With some simple instructions and a list of the frequent pitfalls homeowners frequently encounter, you’ll find the whole process is really rather simple and straightforward.
Does it take an expert to do it right? No. A beginner is perfectly suited for the task as long as instructions are followed carefully. Make sure to block out a whole day for the installation. Weekends are prime time for a job like this.
Here’s a list of tools and materials you’ll need:
|Vapor barrier paper
|Pneumatic Flooring Nailer
|Variable speed drill
If you’ve measured the room and bought the wood, the next matter of business is checking for moisture. The flooring must be acclimated to the room’s humidity and temperature according to the manufacturer’s guidelines.
Moisture is a big cause for problems later on, so you want to be sure that the temperature in the house and the relative humidity are at normal levels.
(If you’re uncertain about this, contact the store where you bought the hardwood for more insight.)
Next, make sure the subfloor is level and clean. If you have an uneven surface, research the various ways you can correct the flaw.
Now it’s time to roll out the strips of vapor barrier paper. The paper should overlap by at least 4” and then be stapled to the subfloor. Take a pencil and mark the baseboards where any joists are located.
Begin installation by choosing the straightest plank for the first row. Arrange the planks with the tongue side facing the center of the room.
Be sure to place spacers inside the expansion gap (the space between the wall and the floor). This will allow the wood to expand in hot and humid conditions.
With your drill, drill nail holes ¼ inch from the narrow side of the plank at ½ inch from the wall. Continue every 6 inches for the length of each plank. You’ll want to snap a chalk line 3/8” from the baseboard to allow for expansion.
Nail the few first boards in place by hand. Countersink the nails with a nail punch and fill the hole with matching putty. Then blind-nail at a 45-degree angle through the tongue, making sure to countersink the nail.
For the second row, connect and lock the tongue and groove, tapping them together with a mallet for a tight fit. You’ll want to stagger the ends six inches between adjoining boards to create a stronger and more attractive floor. Cut the end board if needed.
For the second row, you will have to blind nail through the tongue until you can use the flooring nailer. Since the flooring nailer requires more room to be handled, it will take two to four rows before it can be used.
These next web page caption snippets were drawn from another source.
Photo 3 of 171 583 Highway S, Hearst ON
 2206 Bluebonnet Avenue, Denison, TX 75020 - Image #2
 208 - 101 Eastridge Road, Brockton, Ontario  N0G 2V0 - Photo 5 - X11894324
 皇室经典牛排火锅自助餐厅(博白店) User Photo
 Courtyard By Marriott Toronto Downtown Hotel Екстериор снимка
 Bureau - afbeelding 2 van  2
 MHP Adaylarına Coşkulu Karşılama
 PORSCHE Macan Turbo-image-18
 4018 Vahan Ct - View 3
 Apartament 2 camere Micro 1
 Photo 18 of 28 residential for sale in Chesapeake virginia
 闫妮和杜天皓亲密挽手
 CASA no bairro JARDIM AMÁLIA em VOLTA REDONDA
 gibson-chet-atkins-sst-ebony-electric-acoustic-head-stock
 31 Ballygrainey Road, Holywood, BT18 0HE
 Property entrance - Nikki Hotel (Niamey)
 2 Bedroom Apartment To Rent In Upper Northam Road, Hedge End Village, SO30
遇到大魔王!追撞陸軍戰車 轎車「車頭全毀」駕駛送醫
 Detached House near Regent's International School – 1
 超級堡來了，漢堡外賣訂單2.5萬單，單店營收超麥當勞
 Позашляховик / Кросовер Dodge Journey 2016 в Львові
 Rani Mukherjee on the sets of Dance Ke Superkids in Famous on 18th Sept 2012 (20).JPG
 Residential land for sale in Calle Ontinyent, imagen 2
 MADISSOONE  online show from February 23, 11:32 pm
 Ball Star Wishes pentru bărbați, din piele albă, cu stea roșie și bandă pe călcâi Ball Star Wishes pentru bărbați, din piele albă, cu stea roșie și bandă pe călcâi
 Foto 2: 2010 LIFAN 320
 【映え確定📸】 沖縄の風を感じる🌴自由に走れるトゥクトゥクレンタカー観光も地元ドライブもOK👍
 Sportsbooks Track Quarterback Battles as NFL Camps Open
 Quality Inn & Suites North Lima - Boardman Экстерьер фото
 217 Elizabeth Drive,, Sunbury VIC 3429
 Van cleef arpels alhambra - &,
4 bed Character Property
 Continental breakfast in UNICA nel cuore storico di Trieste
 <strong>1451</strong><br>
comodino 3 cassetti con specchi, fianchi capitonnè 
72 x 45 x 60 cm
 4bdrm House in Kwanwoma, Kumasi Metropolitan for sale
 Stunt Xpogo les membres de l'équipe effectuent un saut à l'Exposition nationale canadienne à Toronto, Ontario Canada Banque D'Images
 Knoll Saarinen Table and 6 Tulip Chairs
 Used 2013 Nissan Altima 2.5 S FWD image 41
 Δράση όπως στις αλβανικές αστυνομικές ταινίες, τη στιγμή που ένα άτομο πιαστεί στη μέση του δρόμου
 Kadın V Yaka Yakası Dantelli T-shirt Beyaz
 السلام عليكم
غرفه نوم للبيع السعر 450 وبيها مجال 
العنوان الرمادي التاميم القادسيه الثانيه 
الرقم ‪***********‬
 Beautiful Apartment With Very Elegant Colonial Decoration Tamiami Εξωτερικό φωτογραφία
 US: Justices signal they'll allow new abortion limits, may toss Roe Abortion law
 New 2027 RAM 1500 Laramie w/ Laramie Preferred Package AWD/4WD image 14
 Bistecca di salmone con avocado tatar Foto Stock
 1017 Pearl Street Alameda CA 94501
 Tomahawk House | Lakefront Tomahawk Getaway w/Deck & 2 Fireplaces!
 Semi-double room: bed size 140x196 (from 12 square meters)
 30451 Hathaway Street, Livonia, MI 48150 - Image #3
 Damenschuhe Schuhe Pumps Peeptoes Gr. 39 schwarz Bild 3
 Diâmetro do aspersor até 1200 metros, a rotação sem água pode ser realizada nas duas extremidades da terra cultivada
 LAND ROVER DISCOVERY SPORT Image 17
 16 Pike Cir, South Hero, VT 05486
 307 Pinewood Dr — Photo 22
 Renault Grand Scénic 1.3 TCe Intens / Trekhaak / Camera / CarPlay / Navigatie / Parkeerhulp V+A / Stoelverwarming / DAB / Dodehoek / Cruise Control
That means that when you get to the last rows, you’ll have to switch back to nailing by hand.
The last row may require you to cut the boards to fit, measuring the distance from the wall to the board, making room for the expansion gap. If the piece is less than an inch, you may have to apply a small amount of glue to the tongue and grove and insert it with a pry bar. Otherwise, face nail the piece, countersink and fill the whole with putty.
Your last step is to install any transition pieces and remove the spacers. Reattach shoe moldings and baseboards to the wall, and not the floor.
Maintenance for a pre-finished hardwood floor is easy. Make sure to keep the floor clean of grit and use a wood floor cleaning kit regularly.